When it happened, it was 'probably gonna be Jimmy'

September 19, 1992|By David Simon | David Simon,Staff Writer

They wait for the shift change where they always wait for it, in the cramped basement room that's home to the Southeastern District's drug enforcement unit. Nelson and Evans, and John Tewey, their sergeant for the last four years.

"It was gonna happen," says Helge Nelson, bitter. "Everyone knew it was gonna happen and that if it did, it was probably gonna be Jimmy."

The phone rings, and Tewey pulls the receiver toward him. On the other end is the unnerved voice of yet another cop calling from home, taking the district's pulse.

"Yeah, hi," Tewey says softly, and then, after a long pause: "No . . . No. We don't know yet. We know he's in the O.R . . . head wound. . . ."

He hangs up the phone to awkward silence.

Jimmy Young wanted to be down here with them, down in the basement office of the DEU. He wanted to write warrants and work informants and lock up dealers. He wanted to work plainclothes with Evans and Nelson; the three used to work together in district radio cars.

"He wanted to work narcotics. If he got a dealer, he'd talk to them as he was locking them up, tell them what they were doing,"says Kevin Evans. "He was for the community that way."

Jimmy Young, 26 years old, came to work yesterday morning with three years in the Southeastern -- three years to catch the scent of defeat that's out there in the high-rises, to learn that you can't lecture dealers and addicts into any other kind of life. Still, incredibly, Jimmy Young wanted his own piece of the war on drugs.

Yesterday, he got it.

An extra man on the 8-to-4 shift, Young and another officer got an opportunity to work a plainclothes detail. It's a perk that often goes to younger, aggressive officers: an opportunity to spend a day out of the uniform, a chance to get close enough to actually catch the bad guys doing bad things.

Naturally, Jimmy Young went to the projects. And four hours later, when a radio call came for a man with a gun in the 26 Exeter building, he answered it. He checked the third-floor high-rise, but there was nothing. He and his partner tried the 127 building.

Five minutes later, every man and woman in the Southeastern could hear all hell breaking loose on their radios. A head wound. Third-floor hallway. His own gun. No, not breathing anymore. And where's that ambo, already?

The paramedics brought Jimmy Young back; a fellow officer helped get a tube down his throat and pump oxygen back to the brain. The rest of the shift chased down witnesses. They helped identify two apartments to be searched. They cleared every intersection of Lombard Street, from the projects to the Maryland Shock Trauma Center.

Four hours after the shooting, the officers are drifting back to a district stunned by the news. The 4-to-midnight shift is hovering on the parking lot outside the roll call room, talking in strangely measured tones. The major is down at the hospital, learning about bone fragments that are dangerously close to the brain. The captain is working in jeans and shirt sleeves, called on his off-day. The other plainclothesmen are still downstairs, thinking it through.

"You can't police those high-rises," says Tewey. "There's no security, and the way they're set up makes it impossible to get in there."
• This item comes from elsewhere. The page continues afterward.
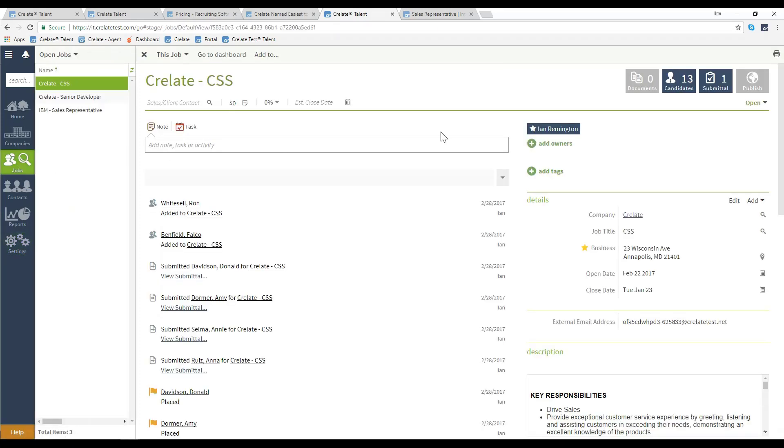In this job, the very top right-hand corner, you'll notice the publish section is currently grayed out as it has not been published.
Yesterday, 28 young men and women went to the office on Eastern Avenue for the 8-to-4 shift and 27 of them came back. They wander slowly into the roll-call room, the Kevlar vests damp with sweat. The adrenalin evaporates, the anger and fear begin to grow.

An empty chair in the room was for the last one, the young man who took one in the head for the company. At that moment he is in surgery, hovering between life and death because he had tried to keep drugs out of the 127 building. Knowing that, and knowing that no user in East Baltimore will miss his needle or pipe tomorrow, everyone in the room has to wonder whether it's really true, whether it never really means much.

The captain gives them the latest from the hospital and thanks them for their professionalism. A stress management team offers help and guidance. The paramedics show up to praise the cop who had helped with the oxygen tube.

And then the colonel goes to the podium and mentions one small incident at the shooting scene, one minor detail that allows for some real measure of meaning.

When every cop in the Southeastern was standing outside the door of that high-rise, someone in an upper window tossed a piece of trash that landed at the foot of a uniformed officer.

The officer picked up the paper and smoothed it open.

"11E," it read, offering up the number of a suspect's apartment.

"There are people in that building," the colonel says quietly, "who are with you."